The training materials and slide shows, obtained by J. Christian Adams, a former Justice Department employee, show that the stand-down order to address “Extremism in the Ranks” targeted traditionalists, constitutionalists and conservatives.
The documents portray conservative service members as racists, white supremacists and anti-government extremists, but they do not give any examples from within the military.
Instead, the “Strategy” document explains, without explanation, that identity politics—including service members on the basis of their race, sex, gender, ethnicity and sexuality—will strengthen the military.
“If we don’t eliminate extremist behaviors from our Navy, then racism, injustice, indignity and disrespect will grow and keep us from reaching our potential—an inclusive, respectful, professional fighting force that answers the Nation’s call.”
In the training handbook for officers, the Pentagon lists “Do’s and Don’ts of Facilitation” for its identity-politics radicalization course.
They tell officers to “be alert to to statements about Prohibited Behavior … which rely on inaccurate or misleading assumptions, misperception or myth.” Then they must fix “these inaccuracies in a resolute, respecftul manner.”
While the teaching guidelines are vague, the Pentagon reminds officers that “Prohibited Behavior” will come from “anti-government extremists” as demonstrated by “recent events,” a veiled reference to the Capitol Hill protest.
The documents threaten officers with “the full range of administrative and disciplinary actions,” including discharge and criminal prosecution, if they fail in their “duty to reject” so-called anti-government ideas and to “root out extremism.”

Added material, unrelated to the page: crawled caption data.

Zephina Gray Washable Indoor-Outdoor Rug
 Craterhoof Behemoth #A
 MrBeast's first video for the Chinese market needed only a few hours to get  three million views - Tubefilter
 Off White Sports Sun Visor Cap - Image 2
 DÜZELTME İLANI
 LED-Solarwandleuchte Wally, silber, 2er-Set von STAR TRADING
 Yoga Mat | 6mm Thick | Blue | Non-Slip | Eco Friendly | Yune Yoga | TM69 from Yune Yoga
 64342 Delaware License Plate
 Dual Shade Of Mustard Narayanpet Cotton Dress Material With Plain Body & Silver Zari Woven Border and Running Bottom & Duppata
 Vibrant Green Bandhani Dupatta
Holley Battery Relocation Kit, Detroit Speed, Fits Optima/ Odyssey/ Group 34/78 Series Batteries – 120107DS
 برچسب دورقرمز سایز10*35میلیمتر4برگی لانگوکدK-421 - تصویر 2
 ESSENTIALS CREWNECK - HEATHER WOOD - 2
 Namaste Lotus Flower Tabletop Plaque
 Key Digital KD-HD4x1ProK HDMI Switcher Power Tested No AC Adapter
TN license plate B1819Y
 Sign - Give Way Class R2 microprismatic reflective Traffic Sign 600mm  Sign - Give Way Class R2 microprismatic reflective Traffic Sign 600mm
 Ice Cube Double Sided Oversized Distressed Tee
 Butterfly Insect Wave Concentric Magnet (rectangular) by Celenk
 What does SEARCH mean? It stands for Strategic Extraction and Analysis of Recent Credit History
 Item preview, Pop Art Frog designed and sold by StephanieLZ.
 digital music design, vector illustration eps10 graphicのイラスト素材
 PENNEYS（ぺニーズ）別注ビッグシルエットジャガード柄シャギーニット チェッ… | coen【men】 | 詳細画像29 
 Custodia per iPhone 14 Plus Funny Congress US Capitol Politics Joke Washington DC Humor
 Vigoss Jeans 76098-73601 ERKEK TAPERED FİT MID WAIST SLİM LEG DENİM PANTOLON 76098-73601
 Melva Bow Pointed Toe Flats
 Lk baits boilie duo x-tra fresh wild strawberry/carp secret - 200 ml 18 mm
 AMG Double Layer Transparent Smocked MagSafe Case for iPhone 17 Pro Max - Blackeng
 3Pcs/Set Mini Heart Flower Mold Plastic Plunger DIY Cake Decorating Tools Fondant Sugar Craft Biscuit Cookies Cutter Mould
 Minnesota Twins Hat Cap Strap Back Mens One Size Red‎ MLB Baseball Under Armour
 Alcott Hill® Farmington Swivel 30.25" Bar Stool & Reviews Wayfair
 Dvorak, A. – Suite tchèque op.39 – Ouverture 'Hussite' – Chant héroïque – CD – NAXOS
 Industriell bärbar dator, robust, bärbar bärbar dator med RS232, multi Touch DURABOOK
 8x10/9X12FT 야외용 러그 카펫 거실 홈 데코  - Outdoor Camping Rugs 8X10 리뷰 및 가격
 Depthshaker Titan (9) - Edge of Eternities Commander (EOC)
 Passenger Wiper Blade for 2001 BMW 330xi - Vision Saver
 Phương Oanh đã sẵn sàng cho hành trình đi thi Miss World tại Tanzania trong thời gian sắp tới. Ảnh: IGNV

Like the Big Tech companies’ amorphous “community guidelines,” the Pentagon tells officers to use vague standards to police free speech.
“Speech that incites violence or criminal activity that threatens to undermine our government and Constitution is not protected by the First Amendment,” the training materials list under prohibited activities.
In his analysis of the prohibited activities, Adams wrote that the Pentagon misunderstands the First Amendment because “speech that ‘threatens to undermine our government’ is completely protected by the First Amendment.”
In fact, he said, it was a core component of what distinguished US democracy from a totalitarian autocracy.
“The Pentagon’s grotesque characterization of the law is borrowed from the criminal codes of dictatorships,” Adams wrote. “The whole concept of ‘undermining’ is the flimsy legal standard that sent millions to the Gulags and guillotine.”
Overall, the handbook outlines a neutered, progressive Constitution that protects citizens against nothing except discrimination but does not secure their fundamental, God-given liberties as outlined in the bill of rights.
“Together, our Constitution, laws, and policies prohibit discrimination on the basis of race, creed, color, ethnicity, national origin, sex (including gender identity), sexual orientation, or religion,” the training materials state.
The documents advise service members to exercise “caution” when “expressing purely personal opinions” and “writing a personal letter to the editor or a personal posting on social media.”
Service members could face punishments if their social-media activities include “liking any material that promotes discrimination based on … gender identity”—that is, opposing the transsexual agenda.
Once inside the classroom, the program itself looks like a safe-space style struggle session in which participants vent their emotions and accuse others of hate crimes.
“Has anyone witnessed a Supremacist or Extremist Activity while serving in the Navy? How did it make you feel?,” the training materials tell officers to ask service members.